━━ Data provided

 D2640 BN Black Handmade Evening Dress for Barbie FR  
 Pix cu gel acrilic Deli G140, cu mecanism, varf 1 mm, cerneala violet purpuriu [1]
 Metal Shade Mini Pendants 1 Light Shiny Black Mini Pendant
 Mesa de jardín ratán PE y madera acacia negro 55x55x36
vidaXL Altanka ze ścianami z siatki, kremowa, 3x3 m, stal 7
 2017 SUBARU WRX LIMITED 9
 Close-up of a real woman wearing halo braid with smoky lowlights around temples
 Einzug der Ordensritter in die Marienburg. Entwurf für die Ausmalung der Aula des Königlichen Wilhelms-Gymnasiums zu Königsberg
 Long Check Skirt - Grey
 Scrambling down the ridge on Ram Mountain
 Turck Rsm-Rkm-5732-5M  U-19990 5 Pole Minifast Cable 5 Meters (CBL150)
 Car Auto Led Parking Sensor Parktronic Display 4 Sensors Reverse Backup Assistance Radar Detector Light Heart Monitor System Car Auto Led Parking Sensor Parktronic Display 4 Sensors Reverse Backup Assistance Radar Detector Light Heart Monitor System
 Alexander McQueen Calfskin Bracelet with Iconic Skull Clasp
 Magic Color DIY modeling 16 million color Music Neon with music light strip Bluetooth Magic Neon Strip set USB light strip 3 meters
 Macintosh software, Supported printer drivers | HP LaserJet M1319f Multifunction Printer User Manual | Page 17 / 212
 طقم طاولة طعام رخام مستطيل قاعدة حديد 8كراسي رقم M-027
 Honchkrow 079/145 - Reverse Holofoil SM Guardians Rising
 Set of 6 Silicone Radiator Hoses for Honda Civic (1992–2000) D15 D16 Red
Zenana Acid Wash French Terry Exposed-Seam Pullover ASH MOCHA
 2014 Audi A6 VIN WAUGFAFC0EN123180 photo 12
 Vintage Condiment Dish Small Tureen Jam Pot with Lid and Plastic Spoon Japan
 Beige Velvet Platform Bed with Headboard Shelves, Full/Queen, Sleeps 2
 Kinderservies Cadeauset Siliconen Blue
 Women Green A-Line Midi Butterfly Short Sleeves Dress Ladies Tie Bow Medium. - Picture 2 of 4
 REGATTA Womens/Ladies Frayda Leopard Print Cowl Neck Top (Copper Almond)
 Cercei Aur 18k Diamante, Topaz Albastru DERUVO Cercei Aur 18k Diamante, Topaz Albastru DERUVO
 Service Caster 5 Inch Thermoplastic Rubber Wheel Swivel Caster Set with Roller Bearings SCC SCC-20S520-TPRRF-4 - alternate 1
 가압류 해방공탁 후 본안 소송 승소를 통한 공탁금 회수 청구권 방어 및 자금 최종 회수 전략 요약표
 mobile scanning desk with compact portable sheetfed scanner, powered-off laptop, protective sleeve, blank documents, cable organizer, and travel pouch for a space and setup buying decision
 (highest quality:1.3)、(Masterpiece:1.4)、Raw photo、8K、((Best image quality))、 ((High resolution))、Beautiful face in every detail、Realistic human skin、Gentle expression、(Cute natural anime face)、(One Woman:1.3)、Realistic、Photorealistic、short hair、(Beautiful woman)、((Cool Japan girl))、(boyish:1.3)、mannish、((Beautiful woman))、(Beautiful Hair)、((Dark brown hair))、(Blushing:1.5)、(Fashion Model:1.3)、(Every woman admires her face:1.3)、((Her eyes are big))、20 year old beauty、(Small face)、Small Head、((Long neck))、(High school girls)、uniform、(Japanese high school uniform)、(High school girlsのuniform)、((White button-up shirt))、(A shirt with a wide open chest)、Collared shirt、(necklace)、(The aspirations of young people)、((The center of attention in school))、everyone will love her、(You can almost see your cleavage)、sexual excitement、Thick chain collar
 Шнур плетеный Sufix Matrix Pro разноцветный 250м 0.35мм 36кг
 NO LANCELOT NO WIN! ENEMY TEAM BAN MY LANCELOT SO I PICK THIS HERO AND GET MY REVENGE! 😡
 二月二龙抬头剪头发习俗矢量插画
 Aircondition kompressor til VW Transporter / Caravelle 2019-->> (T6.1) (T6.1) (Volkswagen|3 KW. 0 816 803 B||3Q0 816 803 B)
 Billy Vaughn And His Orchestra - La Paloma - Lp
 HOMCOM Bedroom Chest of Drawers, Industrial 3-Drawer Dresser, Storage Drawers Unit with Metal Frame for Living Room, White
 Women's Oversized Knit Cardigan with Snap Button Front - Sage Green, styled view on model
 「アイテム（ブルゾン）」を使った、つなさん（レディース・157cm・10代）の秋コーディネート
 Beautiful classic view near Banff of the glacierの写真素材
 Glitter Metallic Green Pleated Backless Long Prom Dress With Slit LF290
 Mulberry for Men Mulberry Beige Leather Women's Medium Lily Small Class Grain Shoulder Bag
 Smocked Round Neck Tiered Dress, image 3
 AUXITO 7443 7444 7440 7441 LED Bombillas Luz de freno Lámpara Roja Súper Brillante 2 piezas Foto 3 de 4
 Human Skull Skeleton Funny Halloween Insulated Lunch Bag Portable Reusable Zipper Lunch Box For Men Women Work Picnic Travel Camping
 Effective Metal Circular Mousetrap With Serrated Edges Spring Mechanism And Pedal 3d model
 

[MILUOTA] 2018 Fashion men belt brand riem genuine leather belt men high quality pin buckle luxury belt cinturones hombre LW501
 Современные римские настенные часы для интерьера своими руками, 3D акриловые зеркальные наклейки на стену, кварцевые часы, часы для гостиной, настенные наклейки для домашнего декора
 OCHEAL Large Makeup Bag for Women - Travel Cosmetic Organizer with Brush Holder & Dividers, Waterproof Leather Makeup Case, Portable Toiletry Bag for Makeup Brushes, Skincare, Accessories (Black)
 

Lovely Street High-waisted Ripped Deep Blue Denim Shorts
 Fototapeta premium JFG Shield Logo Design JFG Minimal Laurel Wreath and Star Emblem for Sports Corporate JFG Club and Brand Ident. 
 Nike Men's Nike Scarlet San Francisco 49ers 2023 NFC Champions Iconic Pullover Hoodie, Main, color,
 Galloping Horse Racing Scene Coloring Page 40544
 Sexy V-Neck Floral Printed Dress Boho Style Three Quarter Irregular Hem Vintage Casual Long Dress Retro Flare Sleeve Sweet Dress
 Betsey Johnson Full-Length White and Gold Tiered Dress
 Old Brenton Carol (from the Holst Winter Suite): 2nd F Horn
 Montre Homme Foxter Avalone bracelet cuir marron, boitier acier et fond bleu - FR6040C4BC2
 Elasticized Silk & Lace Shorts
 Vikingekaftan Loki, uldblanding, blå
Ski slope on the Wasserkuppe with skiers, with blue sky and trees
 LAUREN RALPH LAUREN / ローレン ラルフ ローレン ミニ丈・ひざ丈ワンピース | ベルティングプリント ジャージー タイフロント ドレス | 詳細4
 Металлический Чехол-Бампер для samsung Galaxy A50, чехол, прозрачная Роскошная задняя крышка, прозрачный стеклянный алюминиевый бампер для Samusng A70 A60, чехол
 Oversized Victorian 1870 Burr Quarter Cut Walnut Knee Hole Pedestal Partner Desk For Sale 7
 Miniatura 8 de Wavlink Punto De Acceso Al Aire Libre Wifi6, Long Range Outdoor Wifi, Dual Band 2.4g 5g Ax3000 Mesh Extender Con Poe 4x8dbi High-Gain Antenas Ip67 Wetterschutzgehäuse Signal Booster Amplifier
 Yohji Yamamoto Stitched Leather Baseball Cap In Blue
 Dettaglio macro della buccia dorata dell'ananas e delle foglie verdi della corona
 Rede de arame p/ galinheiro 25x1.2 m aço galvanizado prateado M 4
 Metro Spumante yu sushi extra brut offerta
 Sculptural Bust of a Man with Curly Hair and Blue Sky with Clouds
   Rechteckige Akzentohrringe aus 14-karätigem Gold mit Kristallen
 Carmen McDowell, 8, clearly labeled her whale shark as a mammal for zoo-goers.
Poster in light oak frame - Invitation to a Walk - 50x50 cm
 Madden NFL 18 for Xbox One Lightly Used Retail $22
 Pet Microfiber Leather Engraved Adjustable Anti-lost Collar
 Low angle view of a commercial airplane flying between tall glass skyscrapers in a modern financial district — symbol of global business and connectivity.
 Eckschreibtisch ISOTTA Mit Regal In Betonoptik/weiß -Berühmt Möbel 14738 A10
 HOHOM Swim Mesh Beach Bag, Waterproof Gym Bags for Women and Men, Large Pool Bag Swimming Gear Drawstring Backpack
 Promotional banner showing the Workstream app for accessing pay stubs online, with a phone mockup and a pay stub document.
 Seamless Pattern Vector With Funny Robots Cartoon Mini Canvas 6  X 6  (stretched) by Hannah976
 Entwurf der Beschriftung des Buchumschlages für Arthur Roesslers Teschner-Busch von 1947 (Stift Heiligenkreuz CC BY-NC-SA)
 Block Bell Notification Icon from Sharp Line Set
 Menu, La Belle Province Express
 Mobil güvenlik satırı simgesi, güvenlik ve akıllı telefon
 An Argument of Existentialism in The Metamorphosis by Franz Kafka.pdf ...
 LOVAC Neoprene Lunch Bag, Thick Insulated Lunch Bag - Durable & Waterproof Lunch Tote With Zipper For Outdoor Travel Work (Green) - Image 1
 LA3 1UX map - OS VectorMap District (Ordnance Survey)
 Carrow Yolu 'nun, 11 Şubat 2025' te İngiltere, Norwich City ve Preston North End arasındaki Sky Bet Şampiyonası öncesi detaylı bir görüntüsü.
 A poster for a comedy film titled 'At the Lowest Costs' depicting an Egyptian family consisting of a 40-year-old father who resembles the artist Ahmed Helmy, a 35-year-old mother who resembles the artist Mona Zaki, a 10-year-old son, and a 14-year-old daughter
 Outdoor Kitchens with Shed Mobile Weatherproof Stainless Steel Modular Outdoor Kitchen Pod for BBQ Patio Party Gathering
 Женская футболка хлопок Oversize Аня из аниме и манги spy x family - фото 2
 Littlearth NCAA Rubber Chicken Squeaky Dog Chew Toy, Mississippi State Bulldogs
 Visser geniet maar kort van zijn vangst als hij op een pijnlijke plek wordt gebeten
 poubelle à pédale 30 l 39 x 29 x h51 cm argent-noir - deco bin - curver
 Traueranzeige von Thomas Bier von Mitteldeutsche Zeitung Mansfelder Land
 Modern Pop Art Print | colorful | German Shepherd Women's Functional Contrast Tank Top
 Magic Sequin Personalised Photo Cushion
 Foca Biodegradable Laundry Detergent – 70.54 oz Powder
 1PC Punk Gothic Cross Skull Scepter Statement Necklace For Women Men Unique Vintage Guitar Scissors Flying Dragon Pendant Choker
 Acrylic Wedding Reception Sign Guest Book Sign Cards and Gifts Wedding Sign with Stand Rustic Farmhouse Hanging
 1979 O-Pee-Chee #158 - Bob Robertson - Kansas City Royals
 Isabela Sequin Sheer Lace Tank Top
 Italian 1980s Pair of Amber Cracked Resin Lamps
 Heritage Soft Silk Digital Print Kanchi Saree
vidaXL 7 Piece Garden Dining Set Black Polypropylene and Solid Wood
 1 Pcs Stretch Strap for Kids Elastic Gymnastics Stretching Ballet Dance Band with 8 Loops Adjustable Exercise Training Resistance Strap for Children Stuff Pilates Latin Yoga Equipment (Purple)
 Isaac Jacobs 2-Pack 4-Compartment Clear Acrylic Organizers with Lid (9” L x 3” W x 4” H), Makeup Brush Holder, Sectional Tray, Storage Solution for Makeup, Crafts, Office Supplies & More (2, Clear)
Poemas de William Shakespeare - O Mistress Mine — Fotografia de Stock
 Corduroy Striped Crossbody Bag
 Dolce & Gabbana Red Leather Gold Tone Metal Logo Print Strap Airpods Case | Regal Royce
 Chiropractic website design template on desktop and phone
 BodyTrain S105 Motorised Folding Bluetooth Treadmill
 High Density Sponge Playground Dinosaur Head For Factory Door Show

━━━━

### [Exercise prompt]
Starting at the line that contains "طقم طاولة طعام" and stopping after the line that contains "Billy Vaughn And", write out every line exactly as it appears above, and no other line.

### [Exercise solution]
 طقم طاولة طعام رخام مستطيل قاعدة حديد 8كراسي رقم M-027
 Honchkrow 079/145 - Reverse Holofoil SM Guardians Rising
 Set of 6 Silicone Radiator Hoses for Honda Civic (1992–2000) D15 D16 Red
Zenana Acid Wash French Terry Exposed-Seam Pullover ASH MOCHA
 2014 Audi A6 VIN WAUGFAFC0EN123180 photo 12
 Vintage Condiment Dish Small Tureen Jam Pot with Lid and Plastic Spoon Japan
 Beige Velvet Platform Bed with Headboard Shelves, Full/Queen, Sleeps 2
 Kinderservies Cadeauset Siliconen Blue
 Women Green A-Line Midi Butterfly Short Sleeves Dress Ladies Tie Bow Medium. - Picture 2 of 4
 REGATTA Womens/Ladies Frayda Leopard Print Cowl Neck Top (Copper Almond)
 Cercei Aur 18k Diamante, Topaz Albastru DERUVO Cercei Aur 18k Diamante, Topaz Albastru DERUVO
 Service Caster 5 Inch Thermoplastic Rubber Wheel Swivel Caster Set with Roller Bearings SCC SCC-20S520-TPRRF-4 - alternate 1
 가압류 해방공탁 후 본안 소송 승소를 통한 공탁금 회수 청구권 방어 및 자금 최종 회수 전략 요약표
 mobile scanning desk with compact portable sheetfed scanner, powered-off laptop, protective sleeve, blank documents, cable organizer, and travel pouch for a space and setup buying decision
 (highest quality:1.3)、(Masterpiece:1.4)、Raw photo、8K、((Best image quality))、 ((High resolution))、Beautiful face in every detail、Realistic human skin、Gentle expression、(Cute natural anime face)、(One Woman:1.3)、Realistic、Photorealistic、short hair、(Beautiful woman)、((Cool Japan girl))、(boyish:1.3)、mannish、((Beautiful woman))、(Beautiful Hair)、((Dark brown hair))、(Blushing:1.5)、(Fashion Model:1.3)、(Every woman admires her face:1.3)、((Her eyes are big))、20 year old beauty、(Small face)、Small Head、((Long neck))、(High school girls)、uniform、(Japanese high school uniform)、(High school girlsのuniform)、((White button-up shirt))、(A shirt with a wide open chest)、Collared shirt、(necklace)、(The aspirations of young people)、((The center of attention in school))、everyone will love her、(You can almost see your cleavage)、sexual excitement、Thick chain collar
 Шнур плетеный Sufix Matrix Pro разноцветный 250м 0.35мм 36кг
 NO LANCELOT NO WIN! ENEMY TEAM BAN MY LANCELOT SO I PICK THIS HERO AND GET MY REVENGE! 😡
 二月二龙抬头剪头发习俗矢量插画
 Aircondition kompressor til VW Transporter / Caravelle 2019-->> (T6.1) (T6.1) (Volkswagen|3 KW. 0 816 803 B||3Q0 816 803 B)
 Billy Vaughn And His Orchestra - La Paloma - Lp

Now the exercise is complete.